I mean, it's so obvious, isn't it, that if you want to win a lottery you have to start somewhere? Like, buying the damn ticket? BUT THEN, IF IT'S SO OBVIOUS, WHY DO WE FORGET IT ALL THE TIME????? This wisdom is international - don't expect favours raining down on you while you are enjoying a siesta on your backyard. You have to work, just to get that very backyard. And then to work some more, to be able to have a siesta. And maybe to afford a comfy chair to stretch out on. And a gardener, to mow your lawn... But I'm deviating. I guess I can call myself a fatalist, though not necessarily in a pessimistic way - I do believe that we have a path to travel, and yes, some bad things have to happen to us too, but they are stepping stones, lessons to be learned. In the end you will get your reward. There's only one teeny-tiny catch: you don't know from the start how hard you must try. Oh, if we could know everything beforehand, life would have been so much easier, don't you think? (And so exceedingly boring, too).

But reading about this statue, so annoyed by the human stupidity, made me contemplate about my own life. Have I done enough?
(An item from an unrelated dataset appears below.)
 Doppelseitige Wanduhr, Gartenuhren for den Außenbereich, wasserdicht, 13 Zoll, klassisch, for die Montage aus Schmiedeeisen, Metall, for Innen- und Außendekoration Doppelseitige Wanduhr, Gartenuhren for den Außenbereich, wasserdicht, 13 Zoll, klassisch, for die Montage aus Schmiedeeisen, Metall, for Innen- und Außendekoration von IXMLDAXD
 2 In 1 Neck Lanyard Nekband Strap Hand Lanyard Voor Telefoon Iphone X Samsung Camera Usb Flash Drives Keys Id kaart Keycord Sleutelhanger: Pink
Do I sit idly and wait for things to happen? (well, some events, and wonderful, marvelous, long expected and almost given up on DID occur without any interference on my side whatsoever, but I see it more as an exception).

I guess, it's not a lame starting point for thinking about you weekend, huh? What about a nonchalant remark to your husband about that intriguing restaurant you passed by earlier this week...

P.S. Yesterday I've started reading Eat, Pray, Love. Only a few pages, and she's already my guru. Elizabeth Gilbert, here I come!